Introduction to Compiling- Compilers-Analysis of the source program-The phases- Cousins-The grouping of phases-Compiler construction tools. The role of the lexical analyzer- Input buffering-Specification of tokens-Recognition of tokens-A language for

specifying lexical analyzer.

Introduction

Compiler

• A compiler is a program that can read a program in one language — the source language and translate it into an equivalent program in another language — the target language.

An important role of the compiler is to report any errors in the source program that it detects during the translation process

Language Processing System

• In addition to a compiler, several other programs may be required to create an executable target program.

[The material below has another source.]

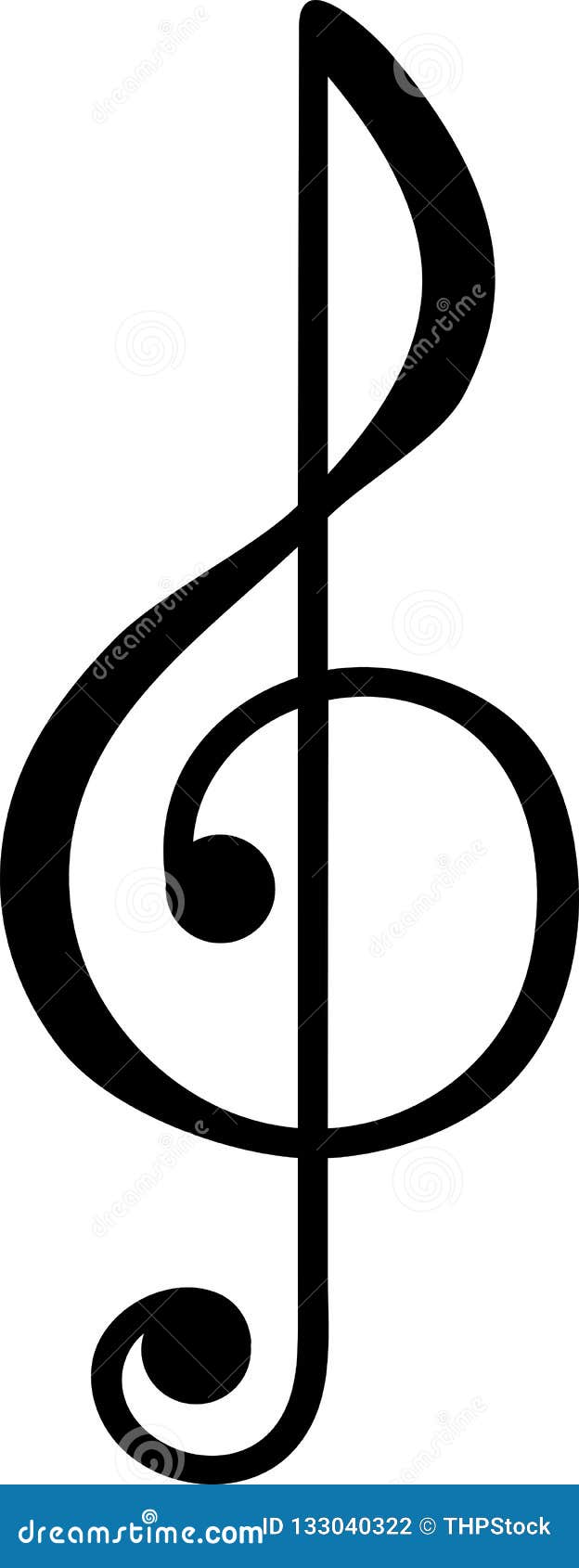 Vecteur De Symbole De Clef Triple Illustration de Vecteur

  • A source program may be divided into modules stored in separate files. The task of collecting the source program is sometimes entrusted to a separate program, called a preprocessor.
  • The preprocessor may also expand shorthands, called macros, into source language statements.
  • The modified source program is then fed to a compiler. The compiler may produce an assembly-language program as its output, because assembly language is easier to produce as output and is easier to debug.
  • The assembly language is then processed by a program called an assembler that produces relocatable machine code as its output.
  • Large programs are often compiled in pieces, so the relocatable machine code may have to be linked together with other relocatable object files and library files into the code that actually runs on the machine.
  • The linker resolves external memory addresses, where the code in one file may refer to a location in another file.
  • The loader then puts together all of the executable object files into memory for execution.

  Cousins of the Compiler

  The preprocessor , assembler,linker and loader are referred to as the cousins of the compiler.

  Analysis – Synthesis Model of Compilation

  • The process of compilation has two parts namely : Analysis and Synthesis
  • Analysis :The analysis part breaks up the source program into constituent pieces and creates an intermediate representation of the source program.
  • Synthesis : The synthesis part constructs the desired target program from the intermediate representation .
  • The analysis part is often called the front end of the compiler; the synthesis part is the back end of the compiler.

  Phases of the Compiler

  There are six phases of the compiler namely

  1. Lexical Analysis
  2. Syntax Analysis
  3. Semantic Analysis
  4. Intermediate Code Generation
  5. Code Optimization
  6. Code Generation

  Lexical Analysis

  • The first phase of a compiler is called lexical analysis linear analysis or scanning.
  • The lexical analyzer reads the stream of characters making up the source program and groups the characters into meaningful sequences called lexemes.
  • For each lexeme, the lexical analyzer produces as output a token of the form

  (token-name, attribute-value)

  that it passes on to the subsequent phase, syntax analysis.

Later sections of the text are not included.